Exercise requirements: Look through the lines below for the word "Chart", and copy every line that has it.

Short descriptive text snippets
######
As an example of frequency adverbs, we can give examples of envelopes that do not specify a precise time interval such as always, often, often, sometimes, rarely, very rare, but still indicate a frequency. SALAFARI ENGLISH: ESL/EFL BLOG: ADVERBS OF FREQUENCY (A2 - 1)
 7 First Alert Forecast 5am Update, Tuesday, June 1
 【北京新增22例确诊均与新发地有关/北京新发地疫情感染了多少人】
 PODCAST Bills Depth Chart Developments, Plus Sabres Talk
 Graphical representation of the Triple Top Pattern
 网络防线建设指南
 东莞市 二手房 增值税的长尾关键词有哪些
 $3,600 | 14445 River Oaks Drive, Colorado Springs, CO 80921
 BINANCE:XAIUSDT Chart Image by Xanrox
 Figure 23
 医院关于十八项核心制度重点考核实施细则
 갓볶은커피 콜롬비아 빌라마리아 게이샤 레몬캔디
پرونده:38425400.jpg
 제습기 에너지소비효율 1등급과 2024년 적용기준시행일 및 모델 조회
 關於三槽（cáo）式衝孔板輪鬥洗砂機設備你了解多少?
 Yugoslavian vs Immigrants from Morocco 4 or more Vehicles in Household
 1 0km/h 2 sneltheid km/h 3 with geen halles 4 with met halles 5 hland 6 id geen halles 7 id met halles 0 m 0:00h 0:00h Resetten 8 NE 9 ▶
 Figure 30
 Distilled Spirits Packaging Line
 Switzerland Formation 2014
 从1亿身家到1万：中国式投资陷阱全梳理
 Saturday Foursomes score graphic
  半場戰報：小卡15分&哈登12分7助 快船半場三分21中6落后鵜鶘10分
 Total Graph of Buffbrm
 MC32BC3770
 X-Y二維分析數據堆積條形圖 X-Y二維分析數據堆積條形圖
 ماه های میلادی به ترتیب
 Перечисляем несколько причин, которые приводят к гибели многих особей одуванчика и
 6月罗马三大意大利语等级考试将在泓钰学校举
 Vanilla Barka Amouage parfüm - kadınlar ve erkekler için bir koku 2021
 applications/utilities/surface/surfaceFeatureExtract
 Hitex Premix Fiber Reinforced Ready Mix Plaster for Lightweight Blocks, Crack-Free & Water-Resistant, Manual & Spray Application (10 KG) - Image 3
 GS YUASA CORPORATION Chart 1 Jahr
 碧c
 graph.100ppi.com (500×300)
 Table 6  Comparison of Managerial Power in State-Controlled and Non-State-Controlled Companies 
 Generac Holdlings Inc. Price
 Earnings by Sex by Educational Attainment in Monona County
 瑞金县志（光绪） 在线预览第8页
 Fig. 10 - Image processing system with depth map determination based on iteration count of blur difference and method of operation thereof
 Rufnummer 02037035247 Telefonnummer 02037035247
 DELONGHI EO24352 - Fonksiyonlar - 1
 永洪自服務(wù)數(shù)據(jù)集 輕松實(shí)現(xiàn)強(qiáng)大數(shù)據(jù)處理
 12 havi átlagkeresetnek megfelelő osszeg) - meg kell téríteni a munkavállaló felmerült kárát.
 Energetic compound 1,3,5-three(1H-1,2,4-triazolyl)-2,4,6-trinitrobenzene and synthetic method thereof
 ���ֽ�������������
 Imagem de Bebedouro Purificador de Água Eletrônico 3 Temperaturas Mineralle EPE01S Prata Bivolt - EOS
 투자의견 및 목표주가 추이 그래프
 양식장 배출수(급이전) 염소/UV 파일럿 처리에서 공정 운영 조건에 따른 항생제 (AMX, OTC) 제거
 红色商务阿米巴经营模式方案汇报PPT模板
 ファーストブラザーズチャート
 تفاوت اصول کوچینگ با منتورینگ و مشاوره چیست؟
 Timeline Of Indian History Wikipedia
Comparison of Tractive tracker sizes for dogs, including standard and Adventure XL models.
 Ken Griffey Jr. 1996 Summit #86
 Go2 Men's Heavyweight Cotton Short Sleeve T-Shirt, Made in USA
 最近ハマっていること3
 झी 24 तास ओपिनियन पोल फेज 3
######
Task result:
 PODCAST Bills Depth Chart Developments, Plus Sabres Talk
 BINANCE:XAIUSDT Chart Image by Xanrox
 GS YUASA CORPORATION Chart 1 Jahr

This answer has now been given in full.